Be-dan
2021.8.2
今月のBe-danは、名画の続きを描くワークブック『ヨンブンノサン』を考案した丸山琴さんに、インタビュー!
『ヨンブンノサン』は、名画の一部に空いた空白のなかを自由に描くぬりえです。丸山さんはこのぬりえを使い、各地の小学校や学童などでワークショップを行っています。
丸山琴さん
第1回では、丸山さんが『ヨンブンノサン』を作ったきっかけについて、たっぷりとお聞きしました!
―名画の続きを描くぬりえとは、とてもユニークですね。「ヨンブンノサン」が生まれたきっかけをお聞かせください。
もともと、美術が敷居の高いものになっていることに疑問を持っていました。本来、美術はもっと多くの人が気楽に楽しんでいいもののはず。そこで、「美術を身近なものにできないか」と考えて作ったのが『ヨンブンノサン』なんです。
―『ヨンブンノサン』にはゴッホやモネなどの名画が採用されていますが、名画はどのような基準でセレクトされているのですか?
子どもたちに実際に試してもらったとき、反応がよかったものを採用しています。ワークブックを作るにあたり、様々な検証をたくさん行いました。そこで段々「こどもたちが楽しんでくれる絵」というのがわかってきて、それを軸に選定・考案を繰り返しました。

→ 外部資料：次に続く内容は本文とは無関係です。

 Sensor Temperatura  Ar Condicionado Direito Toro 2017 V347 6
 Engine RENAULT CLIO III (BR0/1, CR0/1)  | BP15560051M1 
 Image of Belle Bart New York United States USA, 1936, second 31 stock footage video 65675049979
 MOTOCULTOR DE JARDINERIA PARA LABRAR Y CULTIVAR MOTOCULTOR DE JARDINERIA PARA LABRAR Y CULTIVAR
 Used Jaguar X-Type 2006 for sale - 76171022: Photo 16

選定した名画を本にするときは、ページのバランスを考えています。例えばこのページでは、「ぐるぐる」の表現を見て感じてもらいたいと思い、「うずまき」という共通点があるゴッホの《星月夜》とクリムトの《生命の樹》を並べています。
―画面の4分の3が名画、残りの4分の1が空白というバランスがとても絶妙です。
試行錯誤の中で子どもたちが、一番描きやすそうだったのが4分の1だけ欠けているもの、つまり名画が4分の3残っているものだったんです。

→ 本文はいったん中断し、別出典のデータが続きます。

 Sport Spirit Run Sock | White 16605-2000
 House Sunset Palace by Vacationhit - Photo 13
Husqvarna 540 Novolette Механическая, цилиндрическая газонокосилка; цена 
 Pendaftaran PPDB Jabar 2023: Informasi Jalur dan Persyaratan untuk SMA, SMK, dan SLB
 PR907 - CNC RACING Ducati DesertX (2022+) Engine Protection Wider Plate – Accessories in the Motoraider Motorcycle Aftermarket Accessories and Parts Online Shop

そうして、4分の3が名画で、4分の1が空白のぬりえ『ヨンブンノサン』ができました。
『ヨンブンノサン』の特徴は、ぬりえの気楽さと白紙の自由さをあわせ持っているところです。白紙を渡された時の抵抗感なく、ぬりえを楽しむような感覚で名画に触れることができます。
―丸山さんは大学在学中に『ヨンブンノサン』の事業を立ち上げたそうですね。大学では経営学を専攻なさっていたのですか?
いいえ。経営には興味も関心も全くありませんでした。
―そうなんですね。そこから、なぜ事業家の道へ?
大学1年生のとき、野村総合研究所によるデザイン思考のワークショップに参加し、「考えが面白いから起業してみないか」と、声をかけていただいたのがきっかけです。

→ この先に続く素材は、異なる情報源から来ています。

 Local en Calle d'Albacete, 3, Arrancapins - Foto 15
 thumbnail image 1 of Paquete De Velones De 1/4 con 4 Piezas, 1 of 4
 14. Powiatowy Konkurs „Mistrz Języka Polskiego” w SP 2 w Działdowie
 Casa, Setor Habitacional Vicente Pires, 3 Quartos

最初は「自分には事業を起こす才能なんてないから無理だ」と断っていました。しかし、声をかけてくださる人がいるということは、「私でもやれるのかな、やってみようかな」と次第に思うようになり、思いきって起業の道に進みました。
―丸山さんが『ヨンブンノサン』の事業を通して目指していることを教えてください。
「他者の中での自己表現を解放すること」です。昨今は自己表現がとても自由な時代になりました。しかし、他者や関係性を大切にしようとするがあまり、時に自己表現を躊躇してしまうこともあるのではないでしょうか。
『ヨンブンノサン』の空白を埋めるとき、周りの名画の部分を見て埋めていきます。名画の部分は画家、つまり他者の表現。一方で、空白の部分は自己表現になります。他者表現と自己表現を両立させることは、他者の中での自己表現の具合を見極める、いわばトレーニングになると思います。「他者も自分も肯定し、受け入れること」そんな思いやりにあふれた社会をつくっていきたいと思っています。
『ヨンブンノサン』は、まさに私の事業理念を形にしたものなんです。
名画の4分の1が空白になっているユニークなワークブック『ヨンブンノサン』。
こちらはオンラインショップで販売中! 興味のある方は公式サイトより詳細をご覧ください。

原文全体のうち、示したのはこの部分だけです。